# THE PROBLEM
Beginning with the first line below, retype exactly each line through the one containing "Kobe Bryant Crash: Sports". Leave out all pictures.

DATA SECTION Block Start

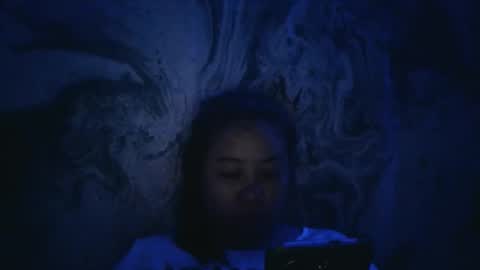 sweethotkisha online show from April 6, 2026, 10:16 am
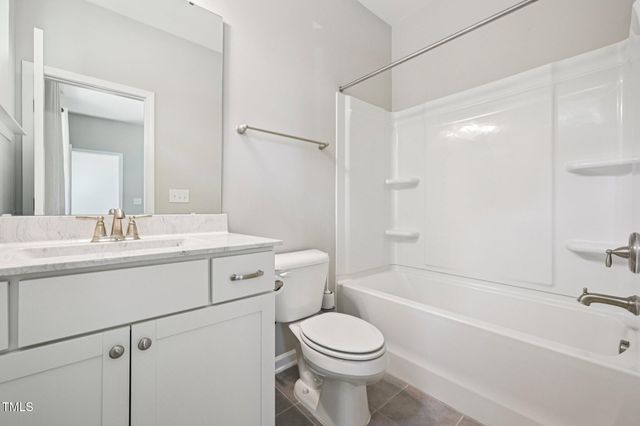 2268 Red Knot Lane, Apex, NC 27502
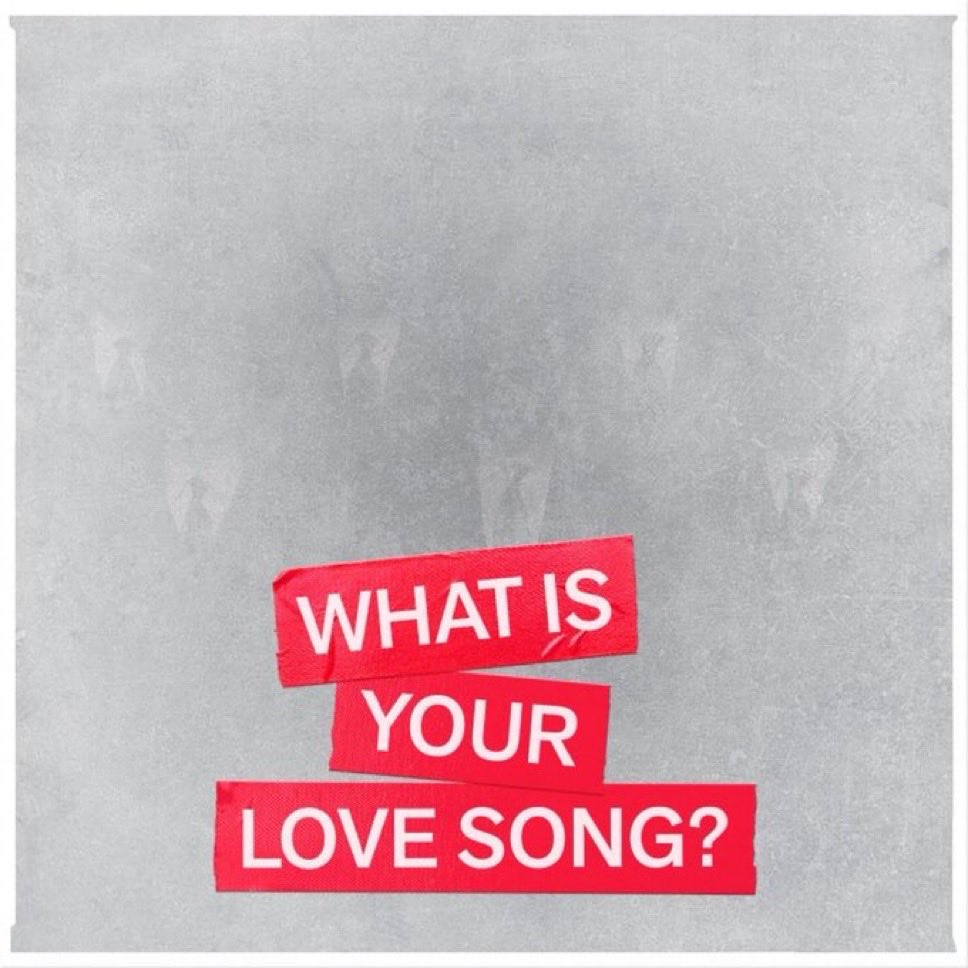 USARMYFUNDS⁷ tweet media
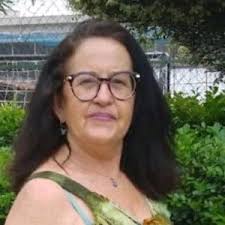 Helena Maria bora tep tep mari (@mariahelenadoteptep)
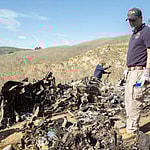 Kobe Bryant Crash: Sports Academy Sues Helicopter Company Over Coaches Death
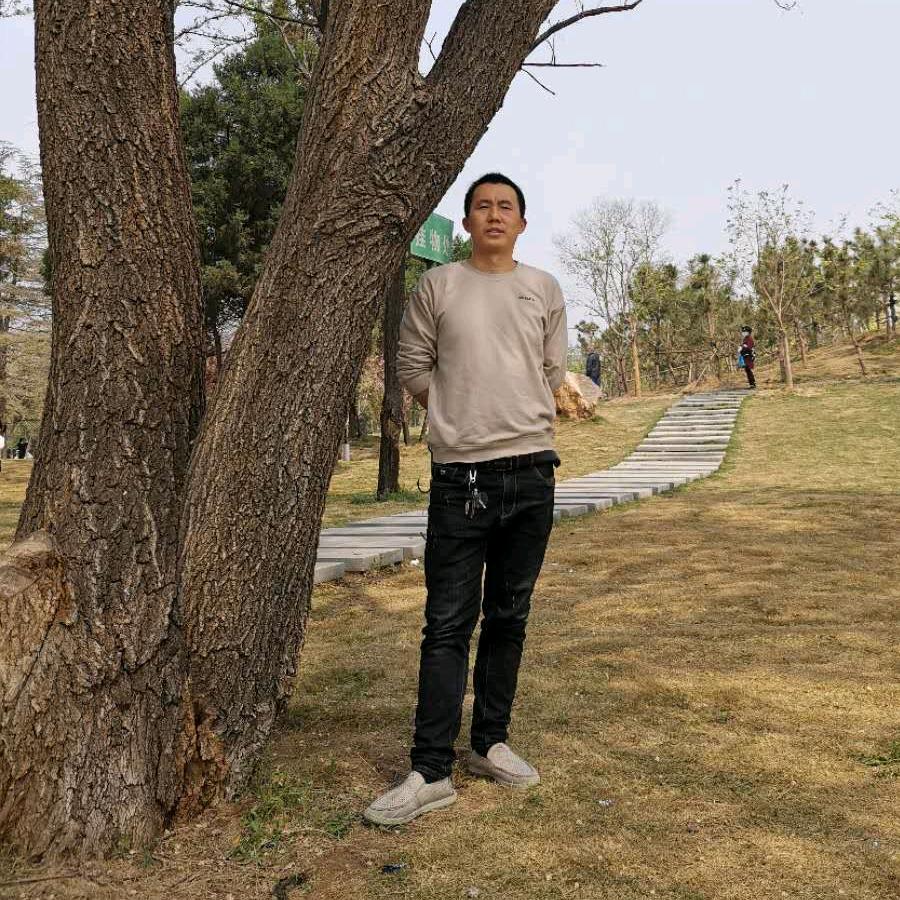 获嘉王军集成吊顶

DATA SECTION Block End

# ANSWER TO THIS PROBLEM
 sweethotkisha online show from April 6, 2026, 10:16 am
 2268 Red Knot Lane, Apex, NC 27502
 USARMYFUNDS⁷ tweet media
 Helena Maria bora tep tep mari (@mariahelenadoteptep)
 Kobe Bryant Crash: Sports Academy Sues Helicopter Company Over Coaches Death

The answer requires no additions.